According to Draghi, financial integration before the crisis was incomplete. While the interbank market was fully integrated, retail banking remained fragmented. That led to a situation where banks used short-term and debt-based funding to increase lending towards favoured domestic sectors such as real estate. “As banks’ assets were not well allocated, nor well diversified geographically, they were more vulnerable to domestic shocks. And as their foreign liabilities were mainly interbank, they could not share the subsequent losses with other jurisdictions.” So when the crisis hit, the cost of repairing balance sheets fell largely on their domestic fiscal authorities. “The result was the infamous bank sovereign nexus”, Draghi said.
Banking Union will generate a higher quality of financial integration. The SSM will enable supervisors to mitigate the possible destabilising effects of financial integration. It will also help to maximise the benefits of integration by creating a policy framework more conducive to cross-border banking. If problems still occur, the planned European resolution framework will help by improving private risk-sharing while insulating sovereigns. To reach that aim, Draghi made a case to improve the design of the SRM and SRF. The proposed 10-year period to mutualise national compartments into a single fund “creates uncertainty”, the president said. “We would see merits in doubling the pace of mutualisation to have a genuine European fund within five years.”
SRM
"There are some elements in the Council agreement on the SRM that I believe could be improved. The main problem is uncertainty about resolution financing arrangements. This is important, because if markets cannot ascertain ex ante how resolution will be financed, and in what quantities, they may find themselves having to price-in a residual risk of national government involvement, thus perpetuating the bank-sovereign nexus.
One issue that creates uncertainty is the protracted time period – currently 10 years – over which national compartments are to be mutualised into a single resolution fund.

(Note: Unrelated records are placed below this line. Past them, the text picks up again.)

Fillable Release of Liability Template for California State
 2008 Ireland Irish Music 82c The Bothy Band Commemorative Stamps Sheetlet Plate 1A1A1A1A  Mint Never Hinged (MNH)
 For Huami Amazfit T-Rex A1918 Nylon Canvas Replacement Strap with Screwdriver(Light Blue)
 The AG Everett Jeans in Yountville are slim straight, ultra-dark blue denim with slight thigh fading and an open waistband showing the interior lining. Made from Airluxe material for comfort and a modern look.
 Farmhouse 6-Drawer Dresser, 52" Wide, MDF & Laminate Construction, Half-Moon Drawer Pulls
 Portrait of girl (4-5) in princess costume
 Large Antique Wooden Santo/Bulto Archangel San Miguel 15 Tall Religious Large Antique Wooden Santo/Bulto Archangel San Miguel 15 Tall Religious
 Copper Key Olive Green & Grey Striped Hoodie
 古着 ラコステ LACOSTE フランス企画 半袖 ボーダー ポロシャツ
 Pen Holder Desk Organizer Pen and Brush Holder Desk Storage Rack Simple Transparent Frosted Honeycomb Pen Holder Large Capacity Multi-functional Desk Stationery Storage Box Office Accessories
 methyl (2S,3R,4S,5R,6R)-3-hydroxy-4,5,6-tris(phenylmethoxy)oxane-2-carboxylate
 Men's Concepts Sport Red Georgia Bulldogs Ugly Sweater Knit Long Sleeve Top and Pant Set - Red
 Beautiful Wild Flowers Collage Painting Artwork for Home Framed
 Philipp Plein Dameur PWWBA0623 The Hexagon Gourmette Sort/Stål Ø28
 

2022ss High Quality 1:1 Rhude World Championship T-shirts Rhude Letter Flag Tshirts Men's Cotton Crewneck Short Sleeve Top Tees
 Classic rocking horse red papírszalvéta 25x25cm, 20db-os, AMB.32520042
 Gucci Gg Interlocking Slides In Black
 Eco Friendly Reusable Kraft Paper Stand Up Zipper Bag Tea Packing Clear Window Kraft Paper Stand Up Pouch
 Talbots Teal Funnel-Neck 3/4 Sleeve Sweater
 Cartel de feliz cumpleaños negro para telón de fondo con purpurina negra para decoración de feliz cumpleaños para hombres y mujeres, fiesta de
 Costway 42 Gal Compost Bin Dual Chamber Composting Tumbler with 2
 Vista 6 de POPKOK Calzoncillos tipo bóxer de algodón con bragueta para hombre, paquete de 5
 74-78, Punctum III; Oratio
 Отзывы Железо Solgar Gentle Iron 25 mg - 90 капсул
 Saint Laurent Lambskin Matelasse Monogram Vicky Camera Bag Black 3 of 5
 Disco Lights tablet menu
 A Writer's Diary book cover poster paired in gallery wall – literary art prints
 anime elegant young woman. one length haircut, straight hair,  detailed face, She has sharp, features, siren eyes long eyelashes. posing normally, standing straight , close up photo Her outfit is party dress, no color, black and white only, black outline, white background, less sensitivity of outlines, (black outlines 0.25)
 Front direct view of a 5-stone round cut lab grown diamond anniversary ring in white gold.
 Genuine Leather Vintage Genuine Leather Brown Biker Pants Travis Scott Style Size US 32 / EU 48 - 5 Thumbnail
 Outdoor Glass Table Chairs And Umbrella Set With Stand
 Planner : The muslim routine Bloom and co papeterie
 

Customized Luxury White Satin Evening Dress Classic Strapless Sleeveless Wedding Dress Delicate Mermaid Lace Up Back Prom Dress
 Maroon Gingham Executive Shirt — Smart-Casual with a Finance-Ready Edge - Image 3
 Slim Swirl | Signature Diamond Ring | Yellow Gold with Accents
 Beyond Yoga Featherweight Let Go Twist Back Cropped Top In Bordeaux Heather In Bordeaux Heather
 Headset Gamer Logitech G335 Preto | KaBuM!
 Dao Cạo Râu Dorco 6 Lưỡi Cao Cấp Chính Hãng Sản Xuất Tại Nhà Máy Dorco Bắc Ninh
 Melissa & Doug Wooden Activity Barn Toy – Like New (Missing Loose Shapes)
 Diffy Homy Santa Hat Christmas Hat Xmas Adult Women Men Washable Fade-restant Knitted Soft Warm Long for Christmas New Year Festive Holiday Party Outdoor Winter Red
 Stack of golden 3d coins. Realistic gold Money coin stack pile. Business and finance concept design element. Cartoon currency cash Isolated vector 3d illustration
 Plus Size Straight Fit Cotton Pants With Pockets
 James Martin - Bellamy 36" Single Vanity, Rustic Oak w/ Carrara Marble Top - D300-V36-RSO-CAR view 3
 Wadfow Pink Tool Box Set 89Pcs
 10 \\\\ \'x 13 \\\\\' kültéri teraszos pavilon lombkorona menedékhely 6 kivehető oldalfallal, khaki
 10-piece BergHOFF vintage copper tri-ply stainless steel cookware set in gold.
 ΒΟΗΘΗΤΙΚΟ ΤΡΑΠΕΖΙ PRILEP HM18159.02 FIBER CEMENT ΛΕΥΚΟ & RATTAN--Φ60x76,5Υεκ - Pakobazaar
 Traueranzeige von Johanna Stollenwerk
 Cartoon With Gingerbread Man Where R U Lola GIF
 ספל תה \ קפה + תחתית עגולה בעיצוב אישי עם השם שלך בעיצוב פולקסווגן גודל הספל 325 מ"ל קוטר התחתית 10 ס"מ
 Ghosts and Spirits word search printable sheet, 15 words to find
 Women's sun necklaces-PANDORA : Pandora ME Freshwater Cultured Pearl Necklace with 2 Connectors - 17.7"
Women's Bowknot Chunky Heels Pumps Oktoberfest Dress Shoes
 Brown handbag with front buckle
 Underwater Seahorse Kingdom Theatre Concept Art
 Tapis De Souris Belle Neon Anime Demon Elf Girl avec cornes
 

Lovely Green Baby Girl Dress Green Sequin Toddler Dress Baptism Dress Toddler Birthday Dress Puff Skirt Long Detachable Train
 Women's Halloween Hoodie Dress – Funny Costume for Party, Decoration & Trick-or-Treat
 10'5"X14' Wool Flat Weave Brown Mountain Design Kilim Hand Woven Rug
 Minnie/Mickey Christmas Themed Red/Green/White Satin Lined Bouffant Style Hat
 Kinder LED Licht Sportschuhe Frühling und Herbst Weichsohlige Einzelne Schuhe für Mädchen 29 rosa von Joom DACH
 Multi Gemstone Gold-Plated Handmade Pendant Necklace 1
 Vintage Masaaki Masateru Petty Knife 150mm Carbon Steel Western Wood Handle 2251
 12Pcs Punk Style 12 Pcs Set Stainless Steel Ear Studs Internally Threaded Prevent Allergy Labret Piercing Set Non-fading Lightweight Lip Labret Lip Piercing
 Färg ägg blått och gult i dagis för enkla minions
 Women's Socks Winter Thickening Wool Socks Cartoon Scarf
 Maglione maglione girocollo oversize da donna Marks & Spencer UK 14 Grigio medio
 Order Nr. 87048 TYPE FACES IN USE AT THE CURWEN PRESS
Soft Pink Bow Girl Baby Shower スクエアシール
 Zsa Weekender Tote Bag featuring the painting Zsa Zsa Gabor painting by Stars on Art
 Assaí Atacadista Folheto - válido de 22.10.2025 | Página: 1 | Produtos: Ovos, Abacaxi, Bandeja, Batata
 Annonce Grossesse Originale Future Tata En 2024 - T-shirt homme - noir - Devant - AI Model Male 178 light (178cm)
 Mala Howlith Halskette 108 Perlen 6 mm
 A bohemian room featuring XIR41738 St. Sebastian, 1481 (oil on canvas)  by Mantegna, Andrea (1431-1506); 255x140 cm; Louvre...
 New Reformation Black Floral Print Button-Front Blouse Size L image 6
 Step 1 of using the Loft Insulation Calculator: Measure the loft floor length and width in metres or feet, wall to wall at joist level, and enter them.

As legacy risks will be addressed by the ECB’s comprehensive assessment, this seems an unduly long period. We would see merits in doubling the pace of mutualisation to have a genuine European fund within five years. To be clear, this would not imply that banks have to pay higher fees. The fund would still only reach its target level after 10 years, yet it would be a truly single fund after five years.
Another issue that needs clarifying is what backstop arrangements will be in place in this transition period, and also in the steady state. What makes resolution authorities credible is the knowledge that, when private sector solutions do not suffice, they can draw on temporary public bridge financing. This steadies expectations and supports financial stability.
Indeed, the job of a resolution authority could become more complicated if there are doubts about the adequacy of its resources in times of systemic stress. Even in the US, where such a public backstop is in place, the FDIC felt that its job was complicated during the financial crisis by media scepticism about its finances.
For this reason, we believe that a single resolution fund needs a solid public backstop – be it an ability to temporarily borrow from the market backed by guarantees from participating Member States, or access to a credit line, potentially from the European Stability Mechanism. This would not be a transfer system between taxpayers: as in the US, such borrowing would be recovered by additional levies on the banking sector in the future. Therefore, the only transfer would be an intertemporal one among banks."
Conclusion
"Financial integration is essential for a well-functioning single currency, but it is not something we can take for granted. We have learned a painful lesson here. Incomplete financial integration is an Achilles heel: it creates vulnerabilities and is liable to fragment. With the banking union, I am confident we are laying the foundations for more complete financial integration in the future.
There are two final points I would like to make.
First, while I have spoken mainly about banking sector integration, a single financial market must also ultimately extend to capital market integration... There are still several barriers to such integration, and these call for the attention of policy-makers. One example is barriers to high-quality securitisation of bank loans, whose removal may help to promote lending to households and SMEs, and reduce fragmentation... We need to begin addressing these issues in a pragmatic manner, while never losing sight of our goal.
Second, we should not forget that fragmentation also comes from the demand side. If less competitive countries undertake structural reforms that promote higher economic growth, their economies will converge towards more competitive ones, and finance will tend to follow. This is why, in addition to the Banking Union, the re-establishment of country competitiveness is essential to reintegrate financial markets. In other words, all participants have to help achieve and sustain financial integration.